Many of those people we know in Saranac Lake schools are poised to lose their jobs - 18 of them, a number reduced from 25 after the state budget restored $150,000 in aid. Eight teachers and 10 teaching assistants are on the chopping block.
We're not yet sure what the Tupper Lake and Lake Placid school budgets will look like; we hope they're not this bad.
With 40 full-time-equivalent positions cut in the last five years and two schools closed, the Saranac Lake Central School District long ago passed right-sizing its faculty and staff for a smaller enrollment. What's being cut now is the flesh and bone of a basic education. Saranac Lake schools have long been rated among the highest-scoring districts in the North Country on state tests, but now they are being made mediocre, trending toward poor.
Why? We can primarily blame the state, and the Enterprise has done so sharply, but the governor and Legislature haven't heeded that cry. Given those circumstances, every New York school community has to decide what it's going to do.
What many have been doing, cutting faculty, will hurt kids more than any other option. Giving students less academic attention will have big ripples on thousands of people's futures and the prospects of each community's economy and culture.
The alternatives are not pretty, either, but they need to be explored as long as the state keeps being a jerk by raiding school aid.
We respect district officials' hard, painful work on budgets, but we think the reason they keep laying off teachers year after year is that that's the quickest, easiest way out. It's short-term thinking, repeated annually.
School boards that find themselves slipping into this pattern would do well to develop, in cooperation with their community members, a more long-term vision for sustainability in today's Empire State.
It's going to be painful any way you slice it, but there are more strategic ways to cut that would minimize damage to the quality of the education - which is the point, after all.
Let's envision a less expensive school system that still does a top-tier job of preparing kids.
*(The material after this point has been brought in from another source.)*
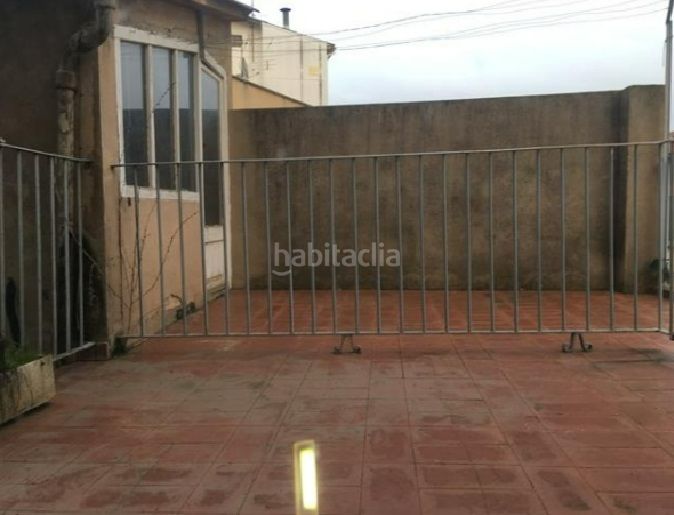 Foto ef6e8267-b490-4f77-9fb9-4ce4c5b1a26d. Edificio in Navàs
It could have significantly lower administrative pay. (Could one get an excellent superintendent for $80,000 a year? We think so, and that would save a teacher right there.) It could avoid buying technology that's not necessary or money-saving. It could require sports coaches to be volunteers. It could charge more in equipment fees for extracurricular activities, including sports. It could involve mergers between neighboring districts, trying to maintain existing schools but combining district offices, busing, purchasing and other functions. It could also include less pay and benefits to faculty and staff, which hopefully will result from future contract negotiations.
We know these things are not desirable. We don't wish them, either, but it is worse for students if Saranac Lake instead continues lay off 10 instructors a year, indefinitely. (If the proposed budget passed, they'll have cut nearly 60 in the last six years.) We are faced with a choice of evils, and we at the Enterprise see teacher numbers as a priority.
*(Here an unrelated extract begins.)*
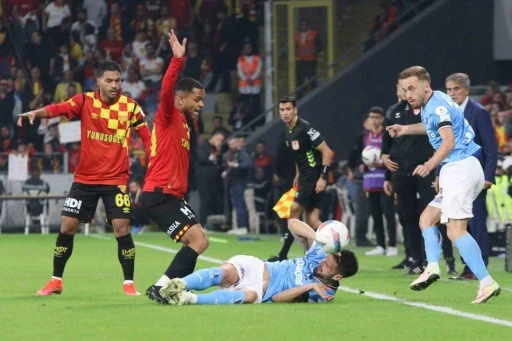 Trendyol S&uuml;per Lig: G&ouml;ztepe: 0 - Trabzonspor: 0 (İlk yarı)
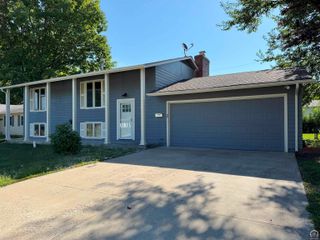 3036 SW Boswell AVE, Topeka, KS 66611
Realistically, we are not sure the long-term cuts we just suggested would save as much money as layoffs would. If not, districts would still be left with shortfalls that would have to come from somewhere: taxes, layoffs, contract renegotiations, increased state aid or a combination of these.
In that case, with more strategic cuts to make schools more sustainable in the long term and if the state is still being a pain in the neck, we think most local residents would be more likely to support a larger property tax increase to cover the difference.
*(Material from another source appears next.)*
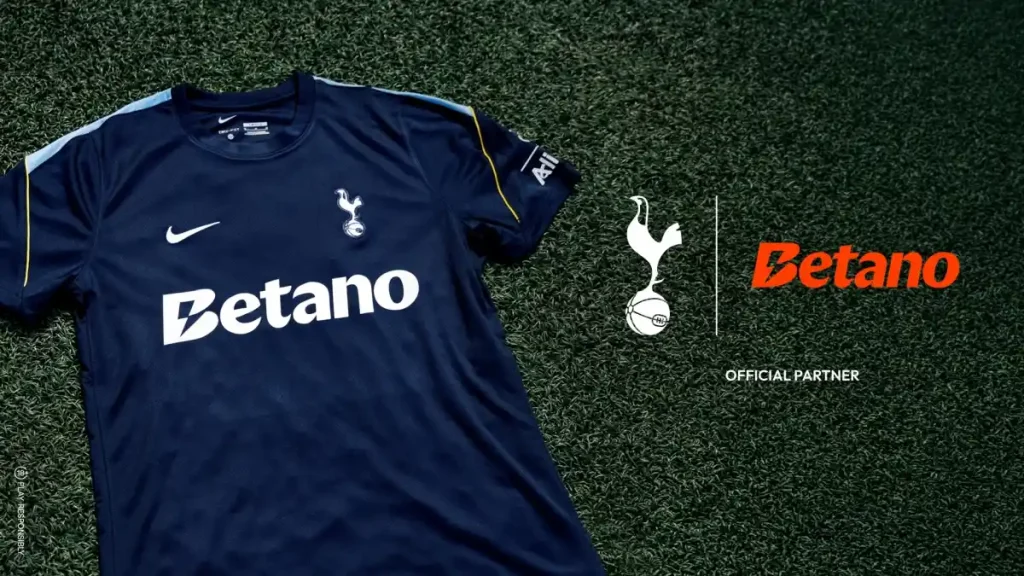 Tottenham Hotspur new training kit with Betano branding.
Ultimately, taxpayers have to pay for the education they want, but local property taxes are inherently less fair than state income and sales taxes, which are more based on ability to pay. Also, New York's property taxes are already among the nation's highest.
Our schools are in a tight spot. There's no single, local way out - not tax hikes and definitely not annual rounds of layoffs. The state is constitutionally required to pay for a basic education for all New Yorkers, but until it actually does that, locals need to work out a more comprehensive approach to cutting that spreads the pain away from our kids as much as possible.